Mevcut düzenleme işçilik alacaklarının hesaplanması noktasında tarafların, hesap bilirkişisi için bilirkişi ücreti yatırmak zorunda olmadığı, bu hesaplamayı hakimin yapabileceği belirtilmektedir. Bu düşünce hayatın gerçeklerinden uzak ve ütopiktir. Ülkemiz gerçeğinde mevcut olan iş yükü, bırakın hakimin hesaplama yapmasını, gerekçeli karar hatta takipsizlik kararı yazacak zaman bulmasına yetmemektedir. Gerçekten de hesap yapabilmek oldukça zor, sabır ve dikkat gerektiren bir iştir ve basit bir exel hesabı olarak görülmemelidir. İş hakimleri hesap bilirkişisi olarak hukuk mezunu olan, hesap yapabilme konusunda yetenekli, ilgili ve başarılı avukatlara/hukukçulara muhtaç durumdadır.

Mevcut düzenleme ile “bilirkişilik için etkin ve verimli bir kurumsal yapı” oluşturulması amaçlanmış, bu kurumsal yapı Adalet Bakanlığı’nın idari yapısı içinde özgülenmiş,  bilirkişiler zorunlu temel ve mesleki eğitime ve eğitim sonunda sınava, bilirkişilik listesinde yer almayı hak edenler denetim ve performans ölçütüne tabi tutulmuş, bilirkişiliğin gerçek kişi yanında tüzelkişilerce de yapılacağı düzenlemesine yer verilmiştir. Ancak bu yapılırken sanki sistemin aksaklığının nedeni salt hukukçu bilirkişiler gibi yaklaşım sergilenmiş, yargılamanın unsuru olan tarafların sorunları ile bilirkişilik kurumunun sorunları arasında neden-sonuç ilişkisi göz ardı edilmiş, bilirkişilik tüm bu sorunlardan bağımsız bir şekilde ele alınarak fevkalade hatalı bir değerlendirme yapılmış ve hukuk yargısı adeta bir darboğaza sürüklenmiştir. Bilirkişiler güncel yasal düzenlemeleri ve yargı kararlarını takip edip mesleki tecrübelerini yılların deneyimi ile birleştirerek mahkemelere yardımcı olmaktadırlar.  Bilirkişilik sistemi düzenlemeden önce yargının esas unsuru olan hakimlerin görevleri ile ilgili sorunları (iş yükü,uzmanlık,meslek içi eğitim) ortadan kaldırmak yerinde bir girişim olacaktır.

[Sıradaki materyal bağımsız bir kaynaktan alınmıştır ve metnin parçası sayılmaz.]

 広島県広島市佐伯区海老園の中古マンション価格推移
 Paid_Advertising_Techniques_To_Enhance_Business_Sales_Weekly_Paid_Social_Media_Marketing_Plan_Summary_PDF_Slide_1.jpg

Mevcut düzenlemenin bir anda oldu-bittiye getirilmesi, yargının kurucu unsurları olan avukatlıların görüşünün dahi alınmaması, konuyu konuştuğumuz hakimlerin mevcut düzenlemeyi “mümkün değil” olarak özetlemeleri, arabuluculuğun zorunlu kılınması ve ancak henüz teknik ve hukuki altyapısının oluşturulmaması ve hakimlerin mevcut düzenleme karşısında kanunu dolanmak adına ara karar şablonu oluşturmaya çalışarak dosyaları bir şekilde bilirkişiye verme gayretleri bir arada değerlendirildiğinde bu düzenlemenin fikren zorlama olduğu ve uygulama alanının ne yazık ki mümkün olmadığı, sonuç itibarı ile yargı dünyasını önümüzdeki süreçte büyük açmazların beklediği ortadadır.

Bu süreçte Ordu Barosu olarak mevcut düzenlemede bu hali ile ısrarcı olunmamasını diler, yargının sorunlarının çözümü noktasında fikren ve ruhen her türlü desteğe ve yapıcı fikre hazır olduğumuzu Sayın Kamuoyu’nun bilgilerine sunarız.